(Aim of the task): Repeat the listing that follows character for character, omitting images.

(Data):
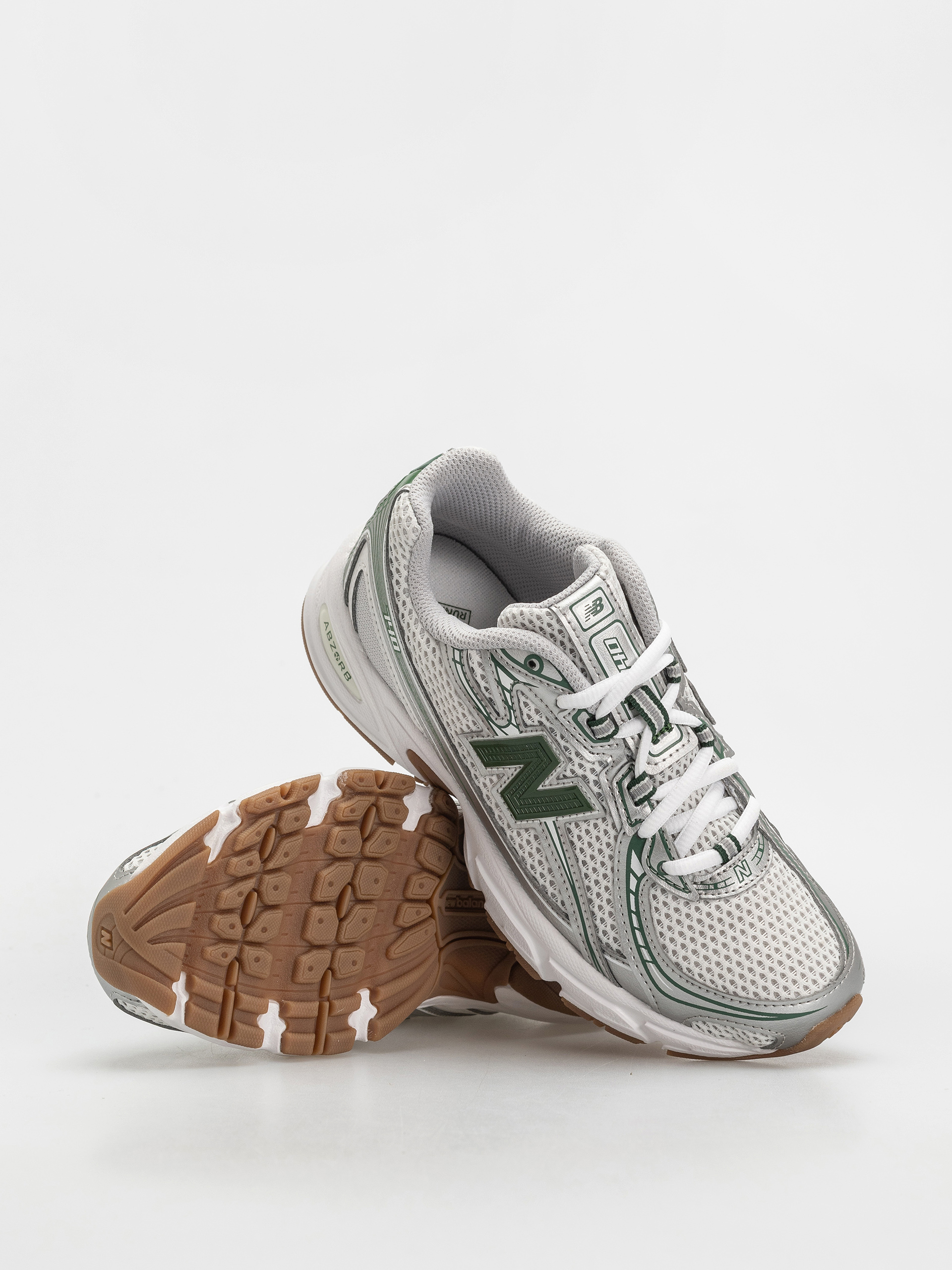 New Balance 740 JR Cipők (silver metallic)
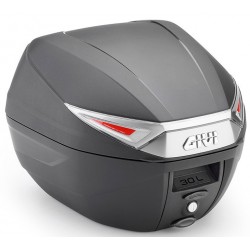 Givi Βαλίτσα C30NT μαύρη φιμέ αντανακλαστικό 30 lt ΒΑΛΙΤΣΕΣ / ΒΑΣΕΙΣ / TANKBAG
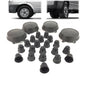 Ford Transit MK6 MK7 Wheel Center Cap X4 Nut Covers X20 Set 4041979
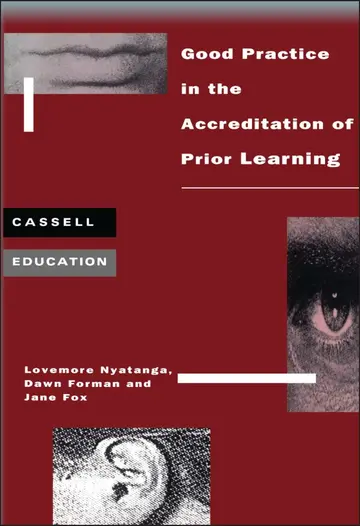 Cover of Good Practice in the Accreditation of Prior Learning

(Solution to the problem):
 New Balance 740 JR Cipők (silver metallic)
 Givi Βαλίτσα C30NT μαύρη φιμέ αντανακλαστικό 30 lt ΒΑΛΙΤΣΕΣ / ΒΑΣΕΙΣ / TANKBAG
 Ford Transit MK6 MK7 Wheel Center Cap X4 Nut Covers X20 Set 4041979
 Cover of Good Practice in the Accreditation of Prior Learning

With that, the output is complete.